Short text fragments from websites
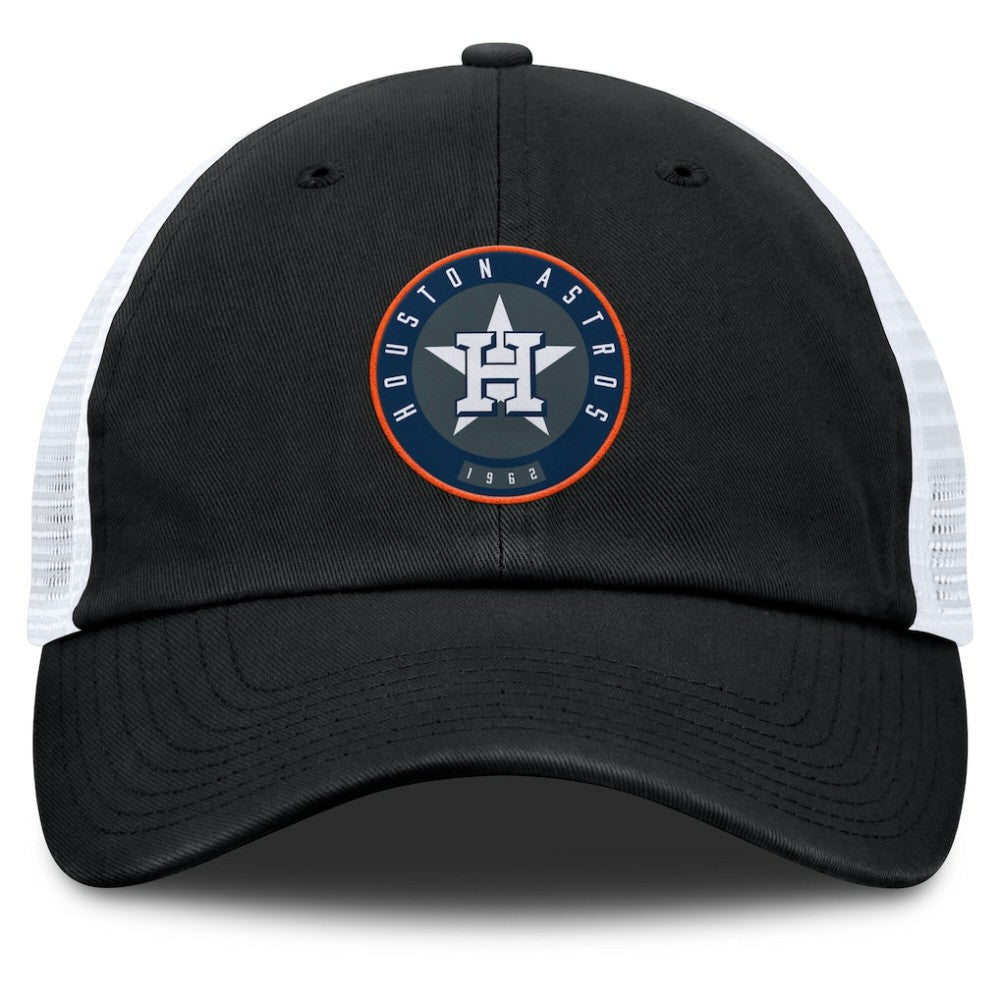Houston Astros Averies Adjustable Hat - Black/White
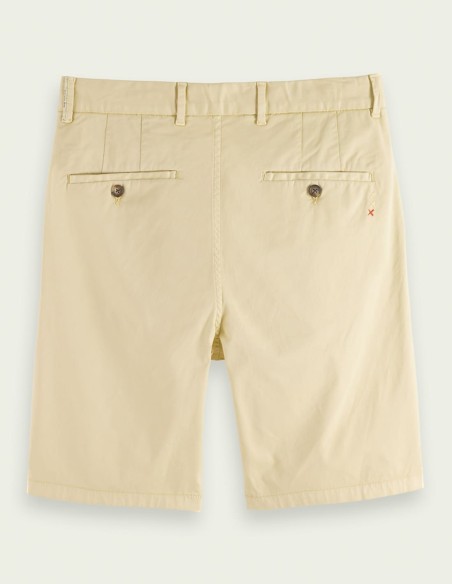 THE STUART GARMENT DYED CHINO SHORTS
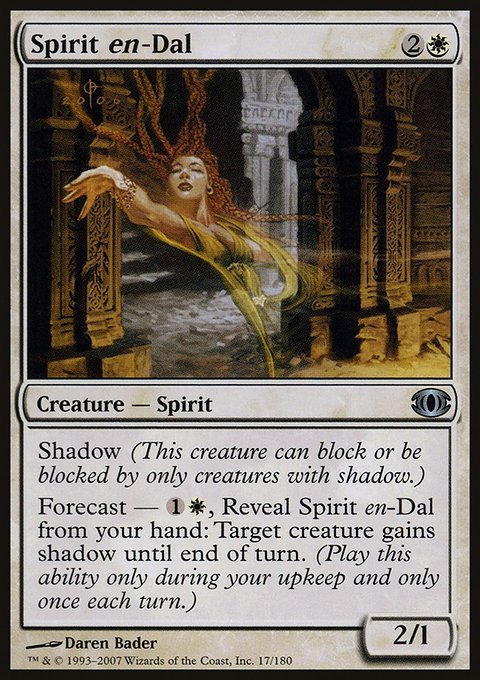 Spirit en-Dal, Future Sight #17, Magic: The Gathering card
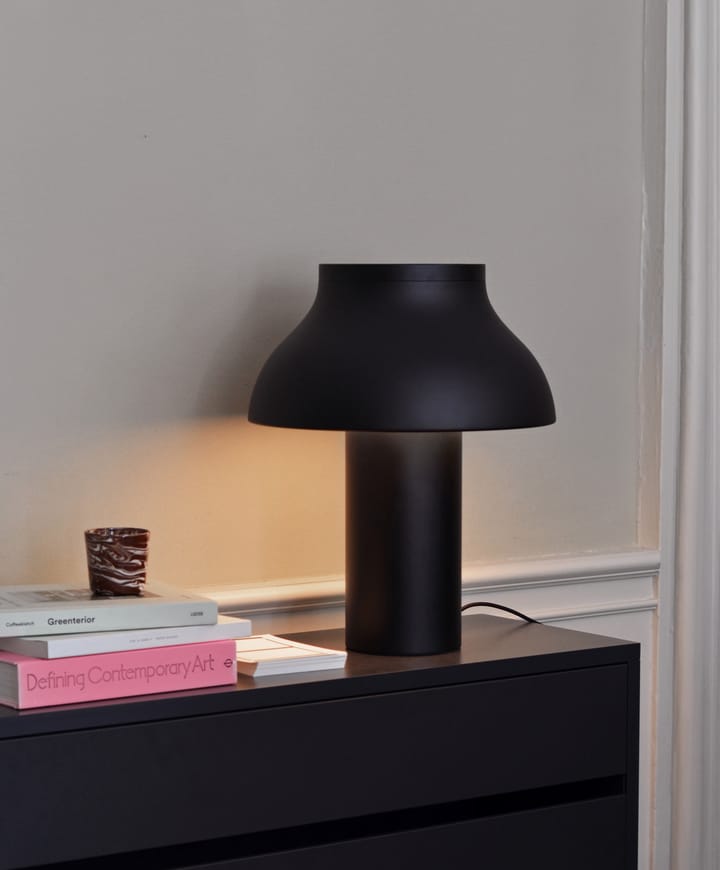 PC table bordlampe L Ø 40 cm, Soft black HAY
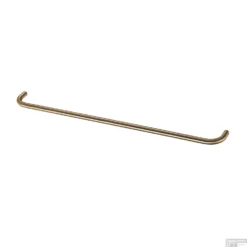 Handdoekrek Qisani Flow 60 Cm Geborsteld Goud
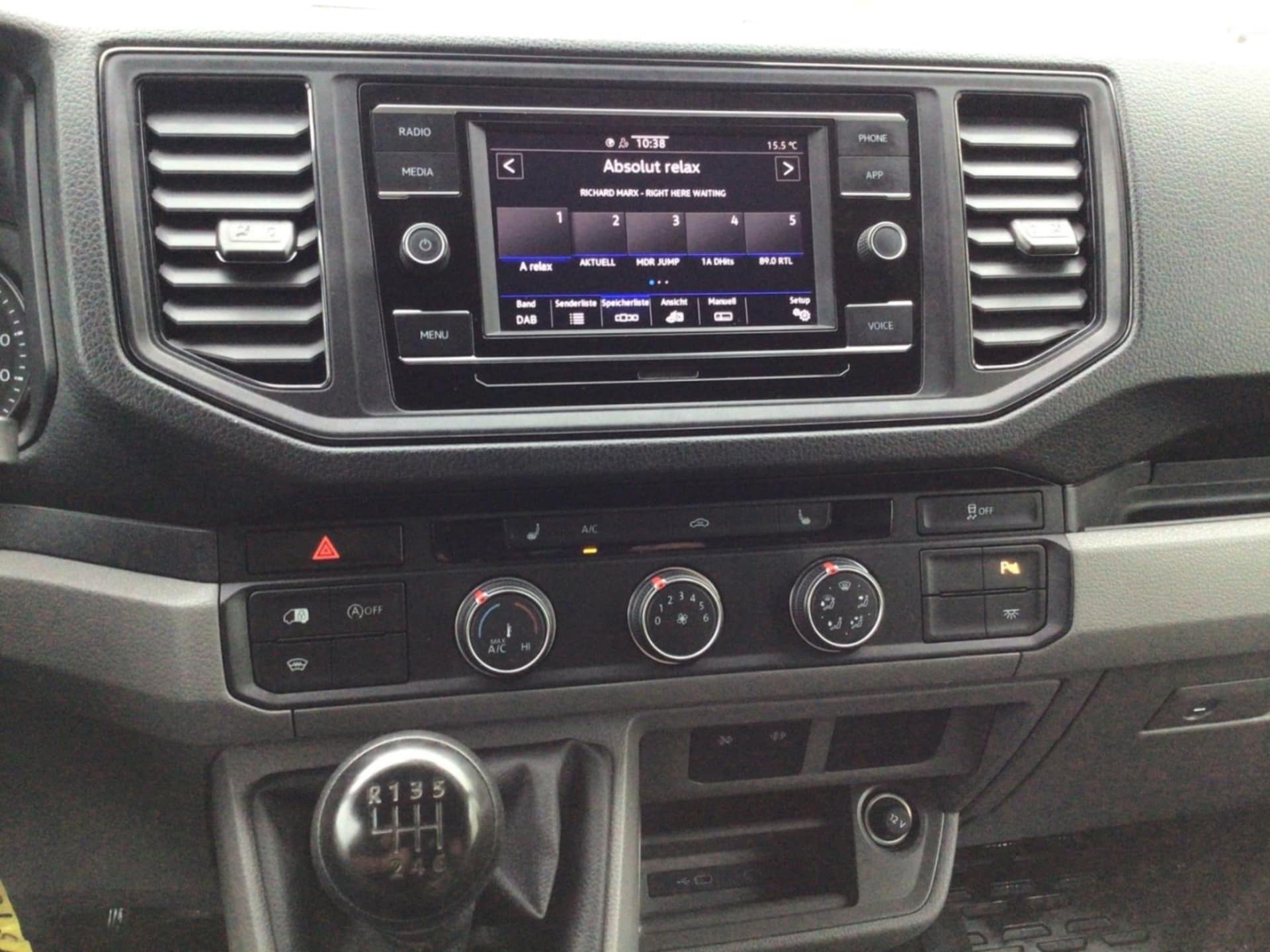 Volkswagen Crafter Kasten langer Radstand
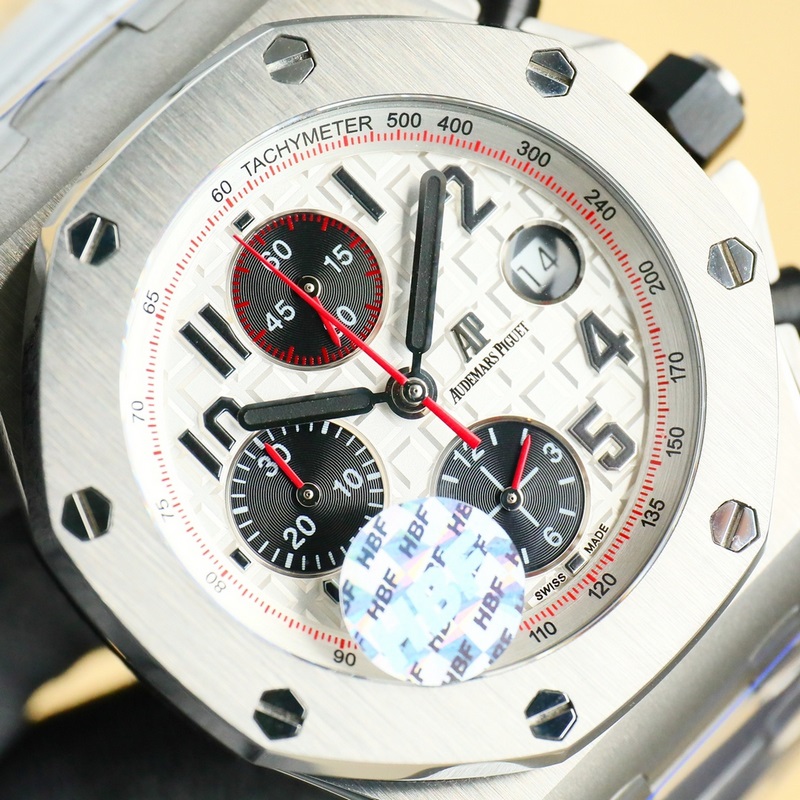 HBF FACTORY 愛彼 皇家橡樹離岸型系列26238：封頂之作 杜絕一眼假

...

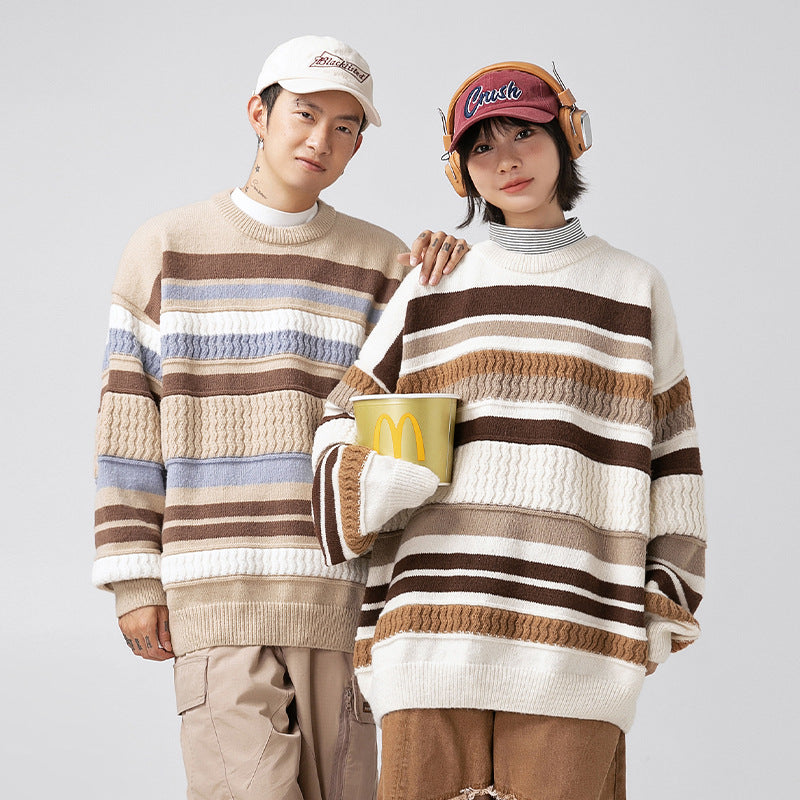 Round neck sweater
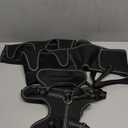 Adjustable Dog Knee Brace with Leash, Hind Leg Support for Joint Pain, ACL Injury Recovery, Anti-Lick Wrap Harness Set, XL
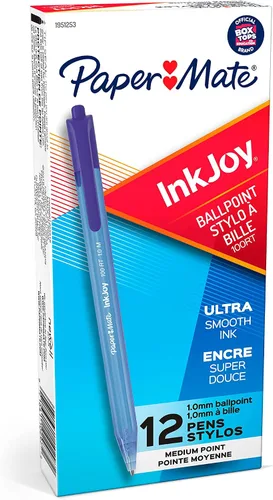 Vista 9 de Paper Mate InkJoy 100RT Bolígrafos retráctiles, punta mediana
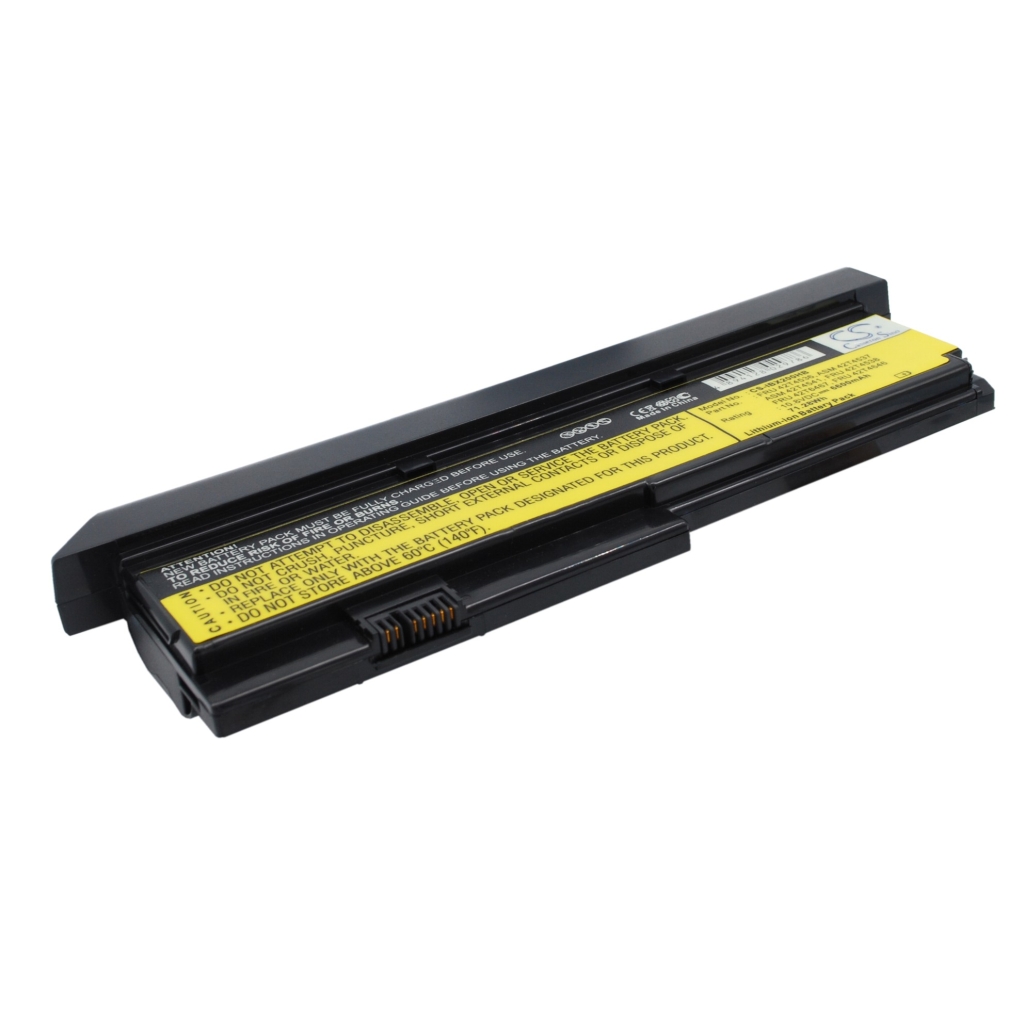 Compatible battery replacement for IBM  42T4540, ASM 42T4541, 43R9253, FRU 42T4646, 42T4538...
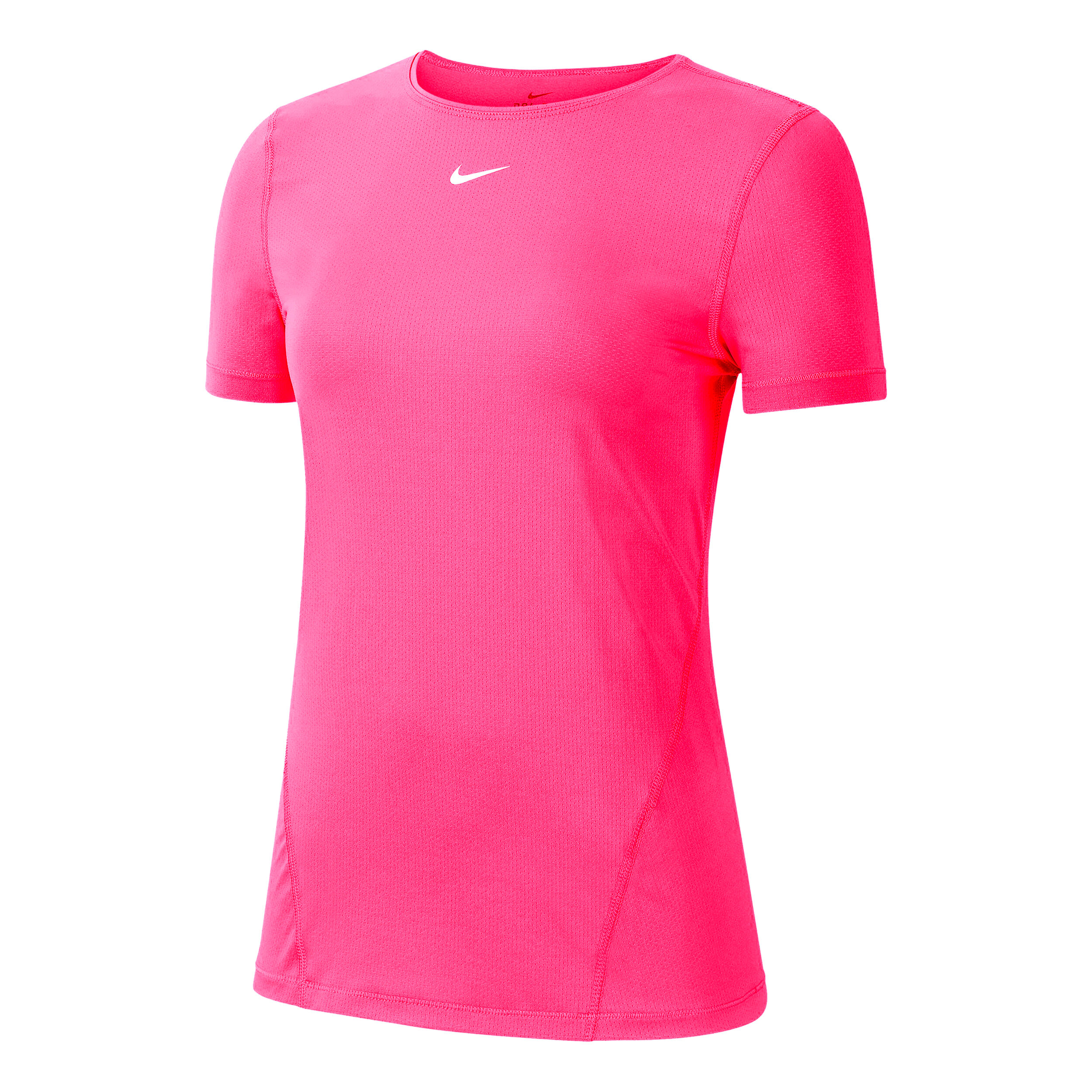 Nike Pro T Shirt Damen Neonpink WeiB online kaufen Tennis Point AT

REQUIREMENT
Your answer is the exact run of lines above from the one with "Houston Astros Averies" through the one with "HBF FACTORY 愛彼 皇家橡樹離岸型系列26238：封頂之作 杜絕一眼假", both ends included, minus any picture.

SOLUTION TO THIS PROBLEM
Houston Astros Averies Adjustable Hat - Black/White
 THE STUART GARMENT DYED CHINO SHORTS
 Spirit en-Dal, Future Sight #17, Magic: The Gathering card
 PC table bordlampe L Ø 40 cm, Soft black HAY
 Handdoekrek Qisani Flow 60 Cm Geborsteld Goud
 Volkswagen Crafter Kasten langer Radstand
 HBF FACTORY 愛彼 皇家橡樹離岸型系列26238：封頂之作 杜絕一眼假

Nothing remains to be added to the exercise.